* [Work instructions]: Of all the entries below, only the lines from the one with "Careyitos Divers (Cozumel)" up to and including the one with "138166 Карта входа" are to be duplicated exactly.

* [Supplied information]:

------------------------------------------------------------

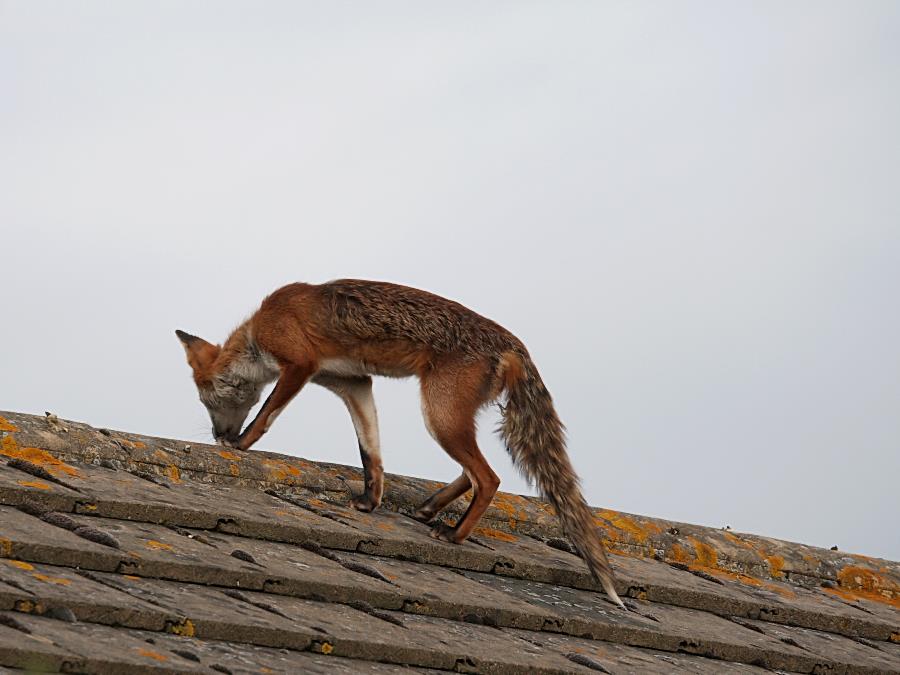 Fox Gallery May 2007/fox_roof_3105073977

------------------------------------------------------------

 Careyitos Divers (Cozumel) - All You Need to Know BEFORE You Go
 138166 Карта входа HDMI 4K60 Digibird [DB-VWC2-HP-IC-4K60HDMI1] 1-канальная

------------------------------------------------------------

* [Your solution]:
 Careyitos Divers (Cozumel) - All You Need to Know BEFORE You Go
 138166 Карта входа HDMI 4K60 Digibird [DB-VWC2-HP-IC-4K60HDMI1] 1-канальная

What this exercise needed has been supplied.